Helios Gómez's son makes a generous donation to the MNAC

There are 6 paintings, 27 drawings and a book from his personal collection.

BarcelonaThe artist Helios Gómez defined himself as Sevillian, Catalan and, above all, a gypsy. Despite all the repression he suffered, he always remained faithful to his ideas. Gómez was always on the side of the people, and now his personal collection has become public, thanks to the donation that his son Gabriel has made to the Museu Nacional d'Art de Catalunya. The donation includes six paintings, twenty-seven drawings and an illustrated book.
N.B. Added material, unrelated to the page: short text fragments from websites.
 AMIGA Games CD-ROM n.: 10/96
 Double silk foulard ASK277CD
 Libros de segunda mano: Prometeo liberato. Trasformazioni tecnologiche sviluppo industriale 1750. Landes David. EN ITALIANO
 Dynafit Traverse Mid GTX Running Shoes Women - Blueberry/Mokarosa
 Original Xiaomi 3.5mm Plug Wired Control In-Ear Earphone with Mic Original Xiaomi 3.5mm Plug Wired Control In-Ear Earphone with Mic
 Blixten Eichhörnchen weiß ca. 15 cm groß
The museum has also purchased the three paintings that Gabriel Gómez had deposited in the museum and which can be seen in the modern art rooms: Evacuation, Andalusian sour and Airborne pain (parachute with the eye). "This donation changes the collection, and the museum becomes the reference centre for Helios Gómez, an absolutely key artist in the story of the avant-garde in Catalonia and Spain," says the museum's director, Pepe Serra. "I don't know if there is another artist as relevant in this condition of avant-garde, revolutionary, of the idea of art and conflict," he stresses. "My father showed the people with their hardships, the tortured, murdered people... A part that is normally hidden in art," says Gabriel Gómez, who has been promoting his father's work for three decades.
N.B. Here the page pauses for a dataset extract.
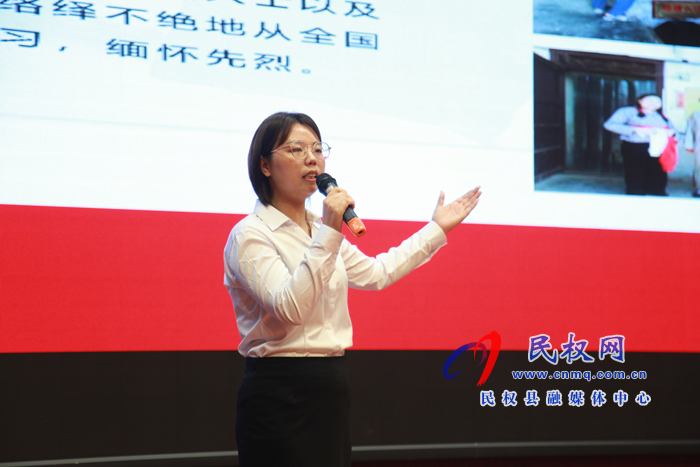 民權(quán)縣慶祝建黨100周年“紅色故事我來(lái)講”進(jìn)入總決賽 民權(quán)縣慶祝建黨100周年“紅色故事我來(lái)講”進(jìn)入總決賽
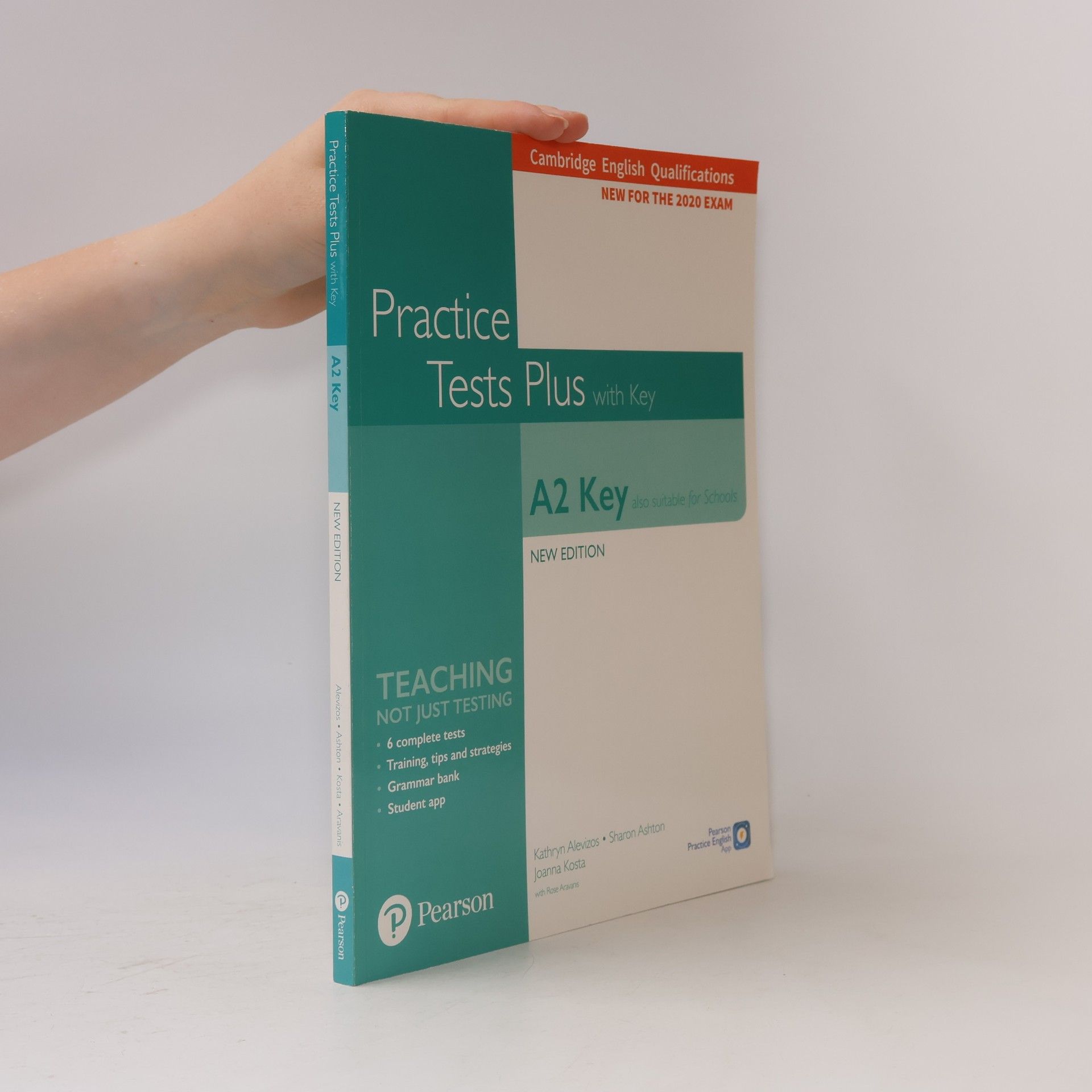 Rosemary Aravanis Practice Tests Plus with Key. A2 Key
The six paintings in the donation belong to the artist's late period, between the mid-40s and mid-50s, shortly before his death. Among these are: Transfixion, in which a surrealist language dominates, and Despair, a dreamlike composition that can be interpreted in a personal way, because the protagonist is a gypsy. Among the guaches, three works from the 1920s stand out, "against the grain", as the museum says, from the most popular part of his work.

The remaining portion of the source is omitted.